To tell the location of the name node inside the core-site file we have to follow XML format. We have to update the following lines between the configuration tags:

#xml code inside core-site.xml<property>
<name>fs.default.name</name>
<value>hdfs://0.0.0.0:9001</value>
</property>

Here,

  • fs represents a file system
  • name represents Name Node
  • hdfs is protocol name/type
  • 0.0.0.0 acts as a universal IP for the Name Node
  • 9001 is the port on which HDFS operates

The name and value tag act like a key-value pair. The format inside the value tag is:

<protocol_name>://<master’s_IP>:<port_number>

Updating hdfs-site.xml

The hdfs-site.xml file contains the configuration settings for HDFS services/daemons mainly the location of the directory reserved for the HDFS cluster.

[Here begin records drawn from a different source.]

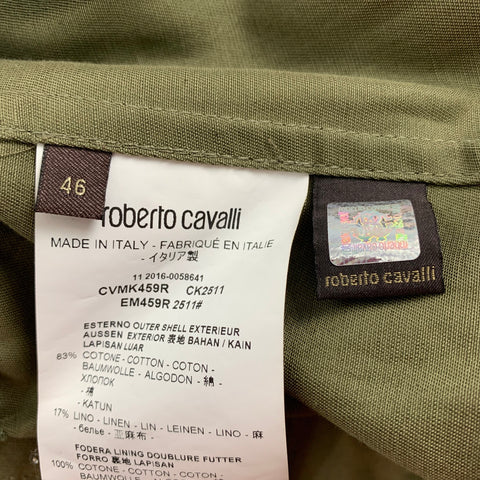 ROBERTO CAVALLI 2016 Size 36 Green Beaded Cotton Linen Zip Up Jacket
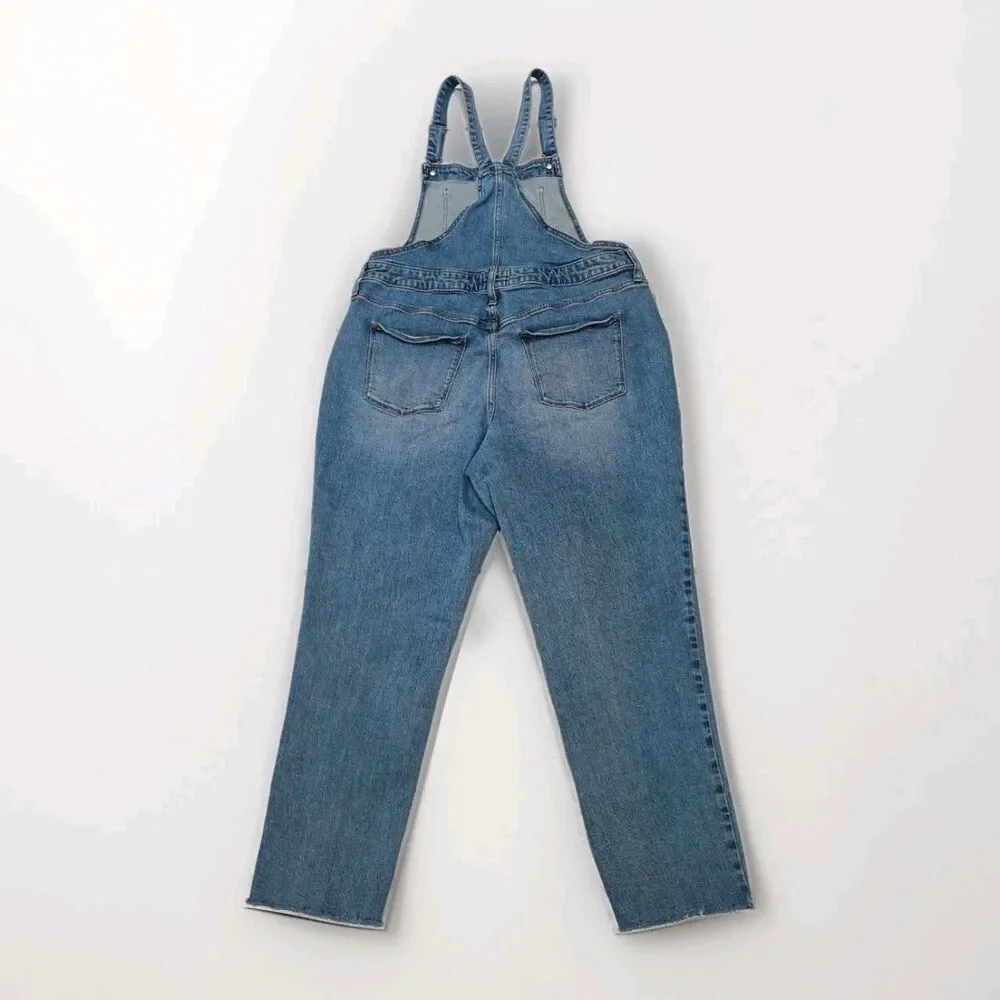 UNIVERSAL THREAD Denim Bib Overalls Full Length Raw Hem Mid Rise SIZE 14/26R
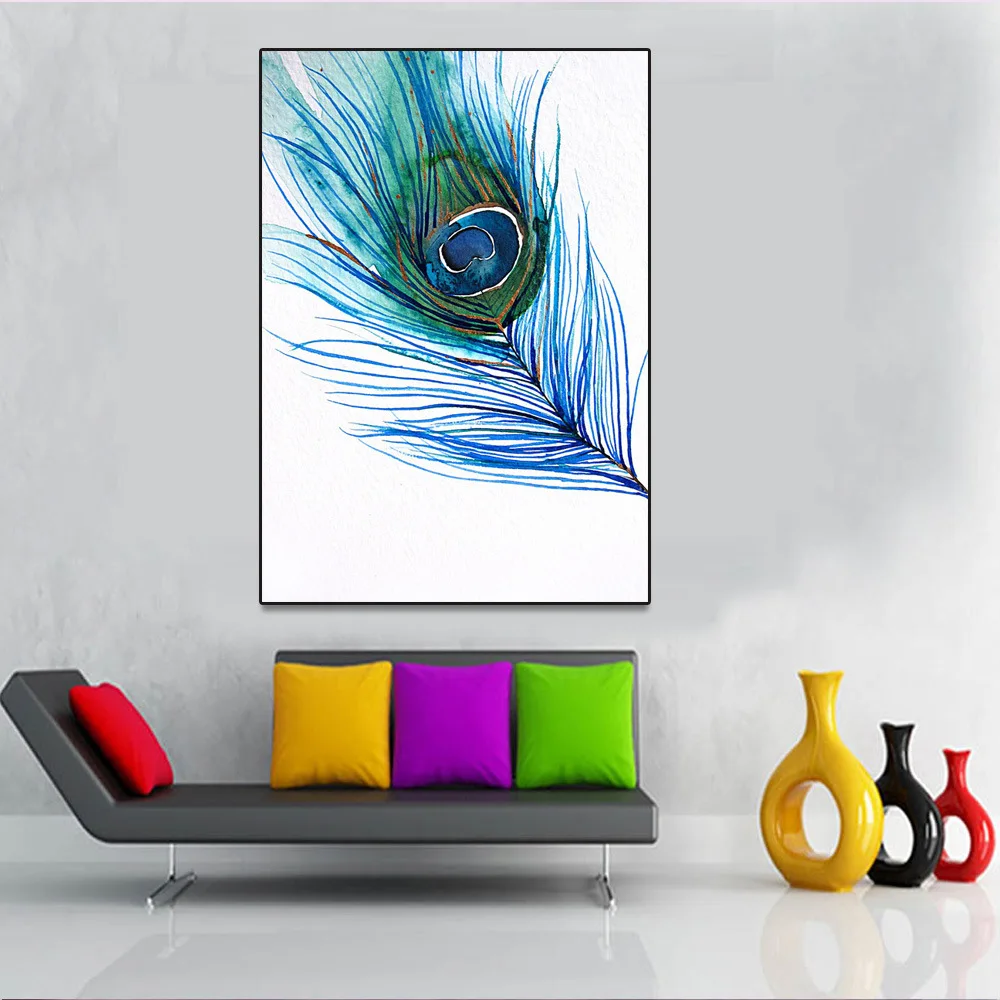 

Feather modern abstract canvas painting minimalist room decorative art poster living room bedroom decorative painting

To tell the location of the virtual storage inside the hdfs-site.xml we have to update the following lines between the configuration tags:

<property>
<name>dfs.name.dir</name>
<value>/nn</value>
</property>

Here,

  • dfs represents a distributed file system
  • name represents Name Node
  • dir represents directory
  • /nn is the directory where all virtual space is collectively available

Creating a directory and formatting it

Remember the directory location that we provided above in the hdfs-site.xml file. We also need to create it in the main drive i.e. ‘/’.

#command to create directory in root
- cd /
- mkdir /nn

Once the directory is created we also need to format it.

#To format hadoop directory
hadoop namenode -format

It’ll prompt for confirmation. Press ‘Y’ and hit ‘Enter’

Troubleshooting: If there’s an error while formatting the directory then remove the directory (using cmd# rm -rf /nn) and then recreate it and format again.

Starting the Name Node

Command to start the Name Node daemon:

#To start a new daemon
hadoop-daemon.sh start namenode

Now our Name Node is active and we can check it’s report using:

#To check hadoop status
hadoop dfsadmin -report
Since we haven’t connected any data nodes yet no nodes will be displayed. So let’s hop on to the next part i.e. configuration of the data node. But first, let’s quickly understand what it actually is.

What is a Data Node?

Data Node, also known as a slave, is actually the system where the data gets stored in the HDFS cluster. They’re responsible for block creation, deletion and replication and also for transferring the data to the client, as instructed by the Name Node.

Data Node(DN) Configuration

Here too we have to update the two files i.e. core-site.xml and hdfs-site.xml.

Updating core-site.xml

This configuration is almost the same as we did in the Name Node’s core-site.xml file except for the IP in the value tag.
In place of 0.0.0.0, we’ll have to provide the public IP of the Name Node.

Updating hdfs-site.xml

The changes go something like this, we have to update the following lines between the configuration tags:

#Updating hdfs-site.xml<property><name>dfs.data.dir</name><value>/dn1</value></property>

Creating directory

Also, we have to create the directory we mentioned in hdfs-site.xml in the main drive.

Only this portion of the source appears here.